Diante desse cenário, reconhecemos também os limites e contradições das esquerdas institucionais no Brasil e no continente. Considerá-las apenas “vítimas” das manobras das forças que as destituíram do poder é, no mínimo, uma visão simplista. Muitos partidos de esquerda não foram capazes, até então, de romper com as dinâmicas que favorecem a concentração de poder, ao fazer alianças equivocadas e transitar pelas vias da institucionalidade “democrática” próprias do neoliberalismo, mas também das tradições de comportamento político herdeiras da origem colonial – ainda tão presentes e ativas no continente –, sem encarnar demandas mais radicais de transformação. É necessário que tais partidos façam uma revisão profunda de suas histórias e realizações, erros e acertos. Mas, para além deles, cabe a nós pensarmos formas do fazer político que rompam estes limites da esquerda tradicional: outras formas de conduzir o Estado, mas que não se limitem a ele; formas que sejam fruto da “sociedade em movimiento” e que não se reduzam aos “movimentos sociais” que tenham o Estado como seu principal alvo.
A rápida e brutal virada à direita que está tendo lugar hoje na América Latina – após um ciclo de importantes reformas e conquistas sociais – se dá a partir da “doutrina do choque e do medo” [shock and awe] (Klein, 2007). Faz-se necessário um grito de conjuro contra os efeitos em nossos corpos da doutrina do choque e do terror aplicada em nosso continente desde os golpes de Estado dos anos 60/70 e baseada na execução de uma série de ações rápidas, violentas, avassaladoras, desproporcionais e inesperadas, para paralizar a compreensão do adversário e destruir sua vontade de lutar.
“Fora Temer” se clama hoje e, cada vez com mais força, nas ruas do Brasil. “Fora Temer” significa também: Fora o temor! Com este grito, dizemos que não vamos dar suporte à volta do coronelismo, do elitismo e dos diversos micro-fascismos que vêm se consolidando como resposta direta à emergência de novas subjetividades políticas, aquelas fortalecidas a partir das políticas públicas emergenciais e de ações em ressonância às demandas sociais, estabelecidas por governos reparadores dos efeitos de séculos de colonialismo no continente, ainda que de maneira incipiente. O desafio está no horizonte das resistências à tradição colonial-escravocrata, presente na existência individual e coletiva de nosso continente, e das novas formas de composição política.
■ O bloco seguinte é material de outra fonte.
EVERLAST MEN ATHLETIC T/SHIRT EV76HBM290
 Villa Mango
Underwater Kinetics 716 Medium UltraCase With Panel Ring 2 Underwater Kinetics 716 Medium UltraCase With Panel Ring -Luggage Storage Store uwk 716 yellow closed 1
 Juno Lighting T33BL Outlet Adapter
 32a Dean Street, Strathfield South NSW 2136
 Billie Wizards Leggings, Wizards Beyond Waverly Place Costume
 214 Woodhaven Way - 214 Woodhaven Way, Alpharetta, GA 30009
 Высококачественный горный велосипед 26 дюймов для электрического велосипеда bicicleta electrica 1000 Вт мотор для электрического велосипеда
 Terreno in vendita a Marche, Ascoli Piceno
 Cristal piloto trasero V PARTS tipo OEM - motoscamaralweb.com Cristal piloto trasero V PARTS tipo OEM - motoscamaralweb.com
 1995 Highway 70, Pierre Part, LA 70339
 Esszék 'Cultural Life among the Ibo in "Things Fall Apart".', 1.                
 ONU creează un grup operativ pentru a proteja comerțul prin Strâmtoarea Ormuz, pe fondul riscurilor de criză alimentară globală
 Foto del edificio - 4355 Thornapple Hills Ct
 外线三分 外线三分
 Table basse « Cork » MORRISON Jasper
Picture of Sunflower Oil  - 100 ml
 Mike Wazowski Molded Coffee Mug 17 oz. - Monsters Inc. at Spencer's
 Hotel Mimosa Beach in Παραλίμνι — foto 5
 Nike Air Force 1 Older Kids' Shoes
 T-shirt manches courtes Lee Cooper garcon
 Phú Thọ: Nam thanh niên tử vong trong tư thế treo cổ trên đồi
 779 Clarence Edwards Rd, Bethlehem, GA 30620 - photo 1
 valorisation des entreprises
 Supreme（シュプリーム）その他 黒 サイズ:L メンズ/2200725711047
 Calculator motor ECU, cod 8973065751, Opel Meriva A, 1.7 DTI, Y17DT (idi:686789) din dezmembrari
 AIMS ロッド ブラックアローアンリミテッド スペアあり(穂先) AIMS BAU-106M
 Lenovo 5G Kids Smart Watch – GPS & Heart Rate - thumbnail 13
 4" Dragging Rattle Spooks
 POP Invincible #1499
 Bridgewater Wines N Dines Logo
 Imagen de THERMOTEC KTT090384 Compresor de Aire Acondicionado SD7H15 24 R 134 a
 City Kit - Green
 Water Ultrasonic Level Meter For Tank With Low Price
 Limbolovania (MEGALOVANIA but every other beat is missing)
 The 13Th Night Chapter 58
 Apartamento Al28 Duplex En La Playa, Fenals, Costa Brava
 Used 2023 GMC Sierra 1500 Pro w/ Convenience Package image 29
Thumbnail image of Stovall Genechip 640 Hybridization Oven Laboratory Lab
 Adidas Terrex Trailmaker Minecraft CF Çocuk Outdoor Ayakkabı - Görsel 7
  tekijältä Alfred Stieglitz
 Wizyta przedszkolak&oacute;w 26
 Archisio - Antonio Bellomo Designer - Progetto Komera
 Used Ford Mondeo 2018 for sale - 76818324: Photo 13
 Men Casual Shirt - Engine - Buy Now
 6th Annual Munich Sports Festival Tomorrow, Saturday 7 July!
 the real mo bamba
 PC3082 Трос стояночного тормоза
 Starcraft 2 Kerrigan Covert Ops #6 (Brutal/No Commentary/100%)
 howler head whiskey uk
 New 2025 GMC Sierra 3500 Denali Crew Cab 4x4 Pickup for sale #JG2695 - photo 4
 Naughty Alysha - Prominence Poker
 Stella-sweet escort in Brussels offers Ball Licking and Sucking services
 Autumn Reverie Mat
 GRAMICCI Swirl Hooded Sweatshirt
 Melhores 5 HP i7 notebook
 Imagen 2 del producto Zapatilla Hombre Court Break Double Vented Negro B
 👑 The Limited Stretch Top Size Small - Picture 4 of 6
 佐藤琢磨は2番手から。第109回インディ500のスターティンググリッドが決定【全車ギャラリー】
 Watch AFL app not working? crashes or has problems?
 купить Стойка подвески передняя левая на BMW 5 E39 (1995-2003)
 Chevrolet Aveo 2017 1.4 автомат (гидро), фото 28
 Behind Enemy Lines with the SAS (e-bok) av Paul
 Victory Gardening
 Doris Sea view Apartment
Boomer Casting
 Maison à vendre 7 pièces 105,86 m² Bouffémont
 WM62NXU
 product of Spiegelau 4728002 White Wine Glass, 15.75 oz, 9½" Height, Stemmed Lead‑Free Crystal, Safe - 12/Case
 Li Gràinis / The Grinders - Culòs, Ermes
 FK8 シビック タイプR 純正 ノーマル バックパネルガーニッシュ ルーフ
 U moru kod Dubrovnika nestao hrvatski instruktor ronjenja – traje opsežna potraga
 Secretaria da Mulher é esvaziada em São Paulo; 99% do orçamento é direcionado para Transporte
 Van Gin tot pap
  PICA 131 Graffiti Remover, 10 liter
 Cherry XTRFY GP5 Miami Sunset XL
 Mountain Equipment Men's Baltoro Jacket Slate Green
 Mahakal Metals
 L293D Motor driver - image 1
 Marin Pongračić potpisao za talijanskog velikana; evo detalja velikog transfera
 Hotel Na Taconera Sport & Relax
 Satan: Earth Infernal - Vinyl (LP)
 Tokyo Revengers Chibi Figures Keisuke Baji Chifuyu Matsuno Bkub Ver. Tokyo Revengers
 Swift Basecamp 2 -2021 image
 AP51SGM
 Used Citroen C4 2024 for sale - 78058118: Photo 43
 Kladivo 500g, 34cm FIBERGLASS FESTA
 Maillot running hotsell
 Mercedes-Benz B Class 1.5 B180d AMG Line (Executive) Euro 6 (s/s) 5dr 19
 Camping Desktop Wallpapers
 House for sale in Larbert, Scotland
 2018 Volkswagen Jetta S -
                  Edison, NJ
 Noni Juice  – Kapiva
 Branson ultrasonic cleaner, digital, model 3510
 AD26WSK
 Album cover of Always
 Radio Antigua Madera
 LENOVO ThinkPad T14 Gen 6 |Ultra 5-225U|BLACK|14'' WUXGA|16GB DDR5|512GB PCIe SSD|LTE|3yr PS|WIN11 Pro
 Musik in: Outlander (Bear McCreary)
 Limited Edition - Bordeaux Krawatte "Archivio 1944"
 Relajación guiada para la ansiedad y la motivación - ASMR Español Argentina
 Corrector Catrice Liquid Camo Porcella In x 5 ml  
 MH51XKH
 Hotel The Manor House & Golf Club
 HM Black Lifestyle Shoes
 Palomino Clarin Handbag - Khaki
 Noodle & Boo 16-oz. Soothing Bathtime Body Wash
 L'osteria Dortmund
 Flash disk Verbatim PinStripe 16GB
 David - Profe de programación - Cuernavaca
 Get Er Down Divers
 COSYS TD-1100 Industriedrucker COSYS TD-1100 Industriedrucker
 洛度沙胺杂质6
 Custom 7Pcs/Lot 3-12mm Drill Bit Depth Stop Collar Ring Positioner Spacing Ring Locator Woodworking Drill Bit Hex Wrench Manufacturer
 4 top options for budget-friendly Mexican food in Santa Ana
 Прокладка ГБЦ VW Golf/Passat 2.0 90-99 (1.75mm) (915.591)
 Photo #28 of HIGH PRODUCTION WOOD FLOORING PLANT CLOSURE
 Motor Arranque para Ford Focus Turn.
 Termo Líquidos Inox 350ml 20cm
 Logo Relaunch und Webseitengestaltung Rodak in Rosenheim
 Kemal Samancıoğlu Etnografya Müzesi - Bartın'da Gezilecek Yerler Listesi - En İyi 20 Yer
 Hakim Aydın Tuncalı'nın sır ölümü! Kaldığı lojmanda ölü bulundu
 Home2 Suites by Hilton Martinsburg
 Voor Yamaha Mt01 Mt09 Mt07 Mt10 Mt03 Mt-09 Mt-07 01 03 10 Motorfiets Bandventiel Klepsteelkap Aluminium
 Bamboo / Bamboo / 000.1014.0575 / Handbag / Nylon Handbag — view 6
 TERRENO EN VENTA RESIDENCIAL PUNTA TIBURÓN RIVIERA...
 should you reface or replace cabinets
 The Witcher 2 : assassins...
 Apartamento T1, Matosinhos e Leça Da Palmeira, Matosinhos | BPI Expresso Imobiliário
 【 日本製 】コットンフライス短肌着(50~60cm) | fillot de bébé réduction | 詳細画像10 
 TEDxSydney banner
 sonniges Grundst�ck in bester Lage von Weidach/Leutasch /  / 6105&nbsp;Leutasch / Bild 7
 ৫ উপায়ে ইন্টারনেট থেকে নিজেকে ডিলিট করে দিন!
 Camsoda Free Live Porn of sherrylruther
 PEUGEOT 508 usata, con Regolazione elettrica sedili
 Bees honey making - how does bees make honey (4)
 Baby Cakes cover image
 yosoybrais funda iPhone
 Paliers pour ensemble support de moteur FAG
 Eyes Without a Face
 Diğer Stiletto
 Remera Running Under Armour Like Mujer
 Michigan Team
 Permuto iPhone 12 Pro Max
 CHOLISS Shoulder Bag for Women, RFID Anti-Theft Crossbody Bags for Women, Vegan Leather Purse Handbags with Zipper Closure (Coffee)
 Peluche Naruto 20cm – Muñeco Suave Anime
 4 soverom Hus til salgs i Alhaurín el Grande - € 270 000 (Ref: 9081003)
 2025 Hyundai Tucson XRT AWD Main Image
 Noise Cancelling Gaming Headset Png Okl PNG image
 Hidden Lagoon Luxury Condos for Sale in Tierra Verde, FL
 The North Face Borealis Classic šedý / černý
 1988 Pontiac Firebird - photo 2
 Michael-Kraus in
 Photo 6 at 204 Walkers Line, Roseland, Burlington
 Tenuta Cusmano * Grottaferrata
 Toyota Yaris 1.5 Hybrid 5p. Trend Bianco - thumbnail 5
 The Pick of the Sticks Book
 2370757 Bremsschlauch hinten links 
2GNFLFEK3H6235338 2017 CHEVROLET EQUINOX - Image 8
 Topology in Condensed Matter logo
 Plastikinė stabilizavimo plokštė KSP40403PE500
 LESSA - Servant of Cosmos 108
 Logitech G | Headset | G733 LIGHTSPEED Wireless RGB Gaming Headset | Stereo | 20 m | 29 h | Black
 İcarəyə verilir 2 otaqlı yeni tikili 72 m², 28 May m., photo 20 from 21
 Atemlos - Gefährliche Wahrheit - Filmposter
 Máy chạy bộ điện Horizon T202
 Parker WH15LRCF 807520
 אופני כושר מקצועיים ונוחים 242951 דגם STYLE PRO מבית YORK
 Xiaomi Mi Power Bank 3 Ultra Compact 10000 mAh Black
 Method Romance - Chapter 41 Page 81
Convocatória Fora Temer! Fora o Temor!
Desde a Red Conceptualismos del Sur, convocamos a uma campanha de ação gráfica internacional pela democracia plena e radical, pela justiça, pela proteção, manutenção e ampliação dos direitos. Esta é uma convocatória pela expressão livre tanto das dúvidas quanto dos desejos, tanto dos medos como da coragem, tanto da imobilização como da imaginação criadora. Um ato de solidariedade, com propostas de luta estratégica, de encontros, de formas de ser e fazer que reverberem as vozes que resistem a este estado de coisas, de modo que falem mais alto do que o ruído ensurdecedor dos meios de comunicação de massas e o silenciamento que produzem ao seu redor. (Envios de produções gráficas: redcsur@gmail.com)
Perplexos de ver esta repetição nefasta da irrupção de forças antidemocráticas, uma vez mais, em 2016, temos que dizer em alto e bom som: Fora o Temor! – condição para que o grito Fora Temer! possa materializar-se em ações de transformação efetiva.